What you need to do
Please set down only the lines running from the one with "Off-Road Suspension Coil" through the last line of the entries, exactly as written and without any pictures.

↓↓↓

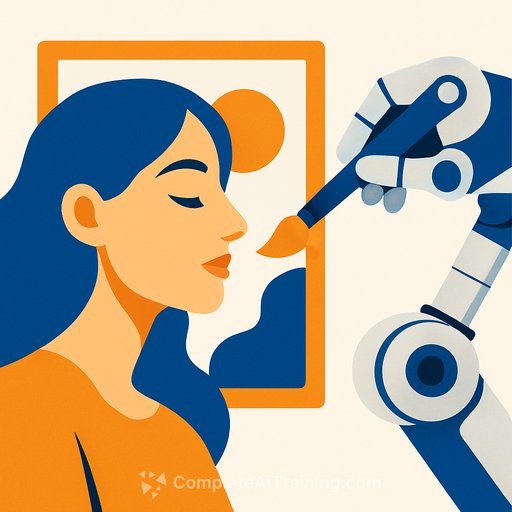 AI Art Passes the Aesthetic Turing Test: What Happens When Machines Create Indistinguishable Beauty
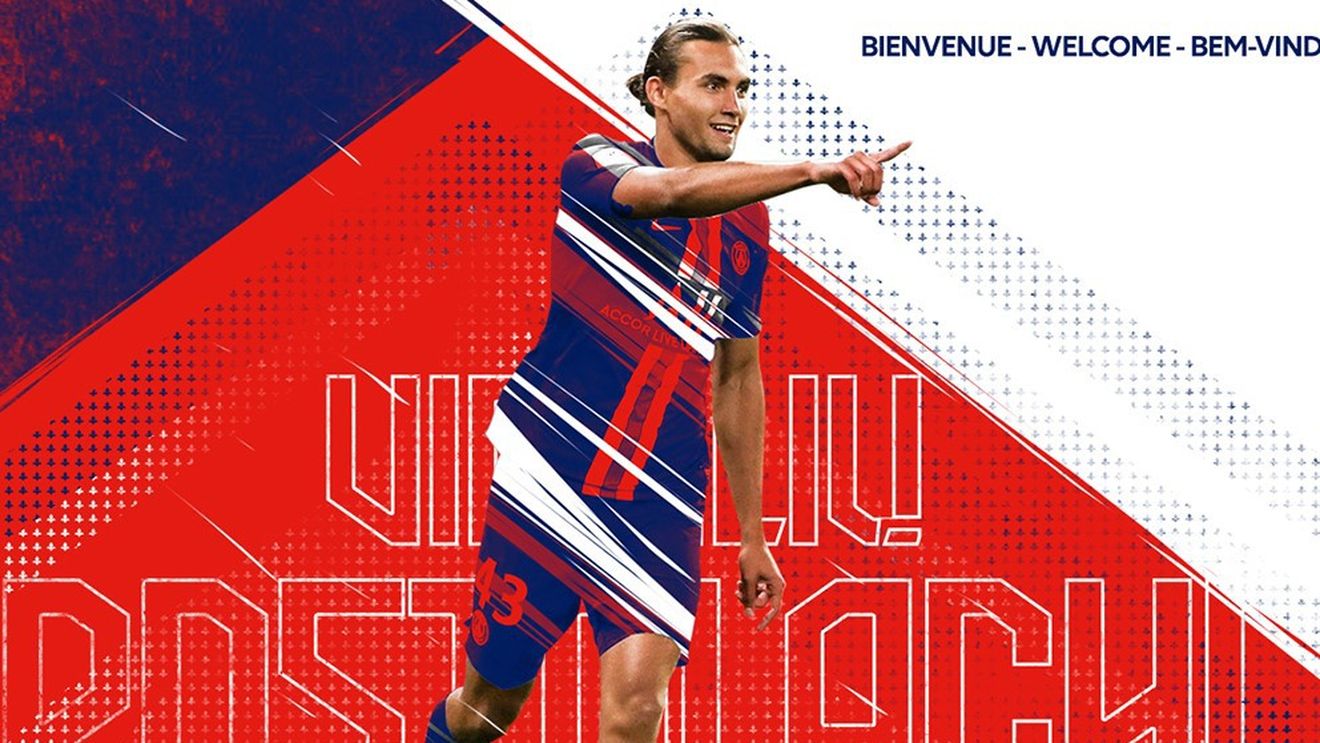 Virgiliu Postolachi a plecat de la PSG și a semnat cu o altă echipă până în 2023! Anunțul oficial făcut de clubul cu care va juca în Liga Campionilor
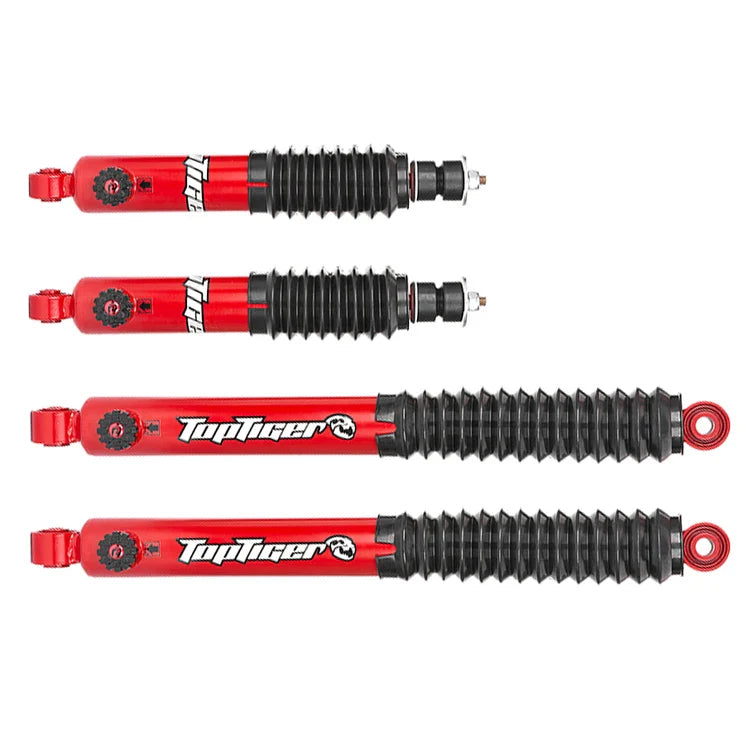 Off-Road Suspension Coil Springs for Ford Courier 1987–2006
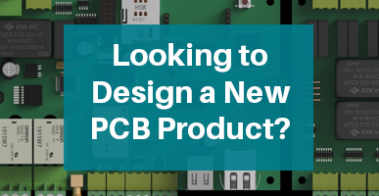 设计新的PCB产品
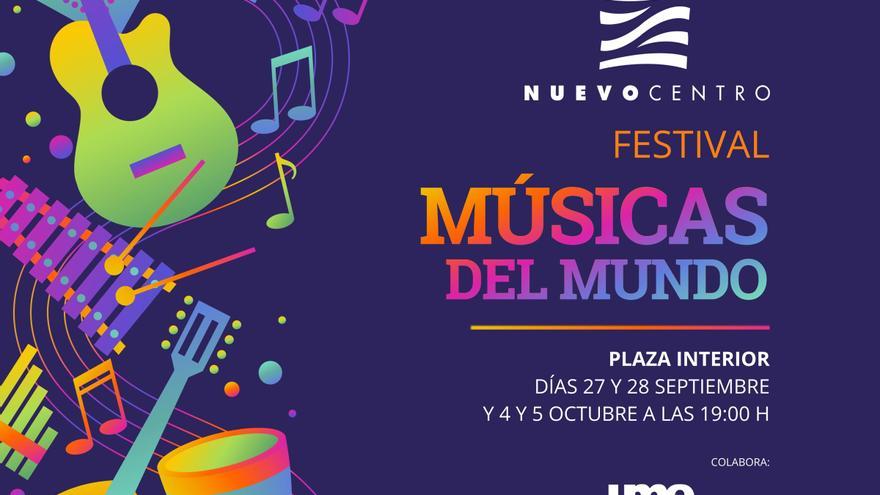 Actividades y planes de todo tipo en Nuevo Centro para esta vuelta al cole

↑↑↑

Solution to this problem
 Off-Road Suspension Coil Springs for Ford Courier 1987–2006
 设计新的PCB产品
 Actividades y planes de todo tipo en Nuevo Centro para esta vuelta al cole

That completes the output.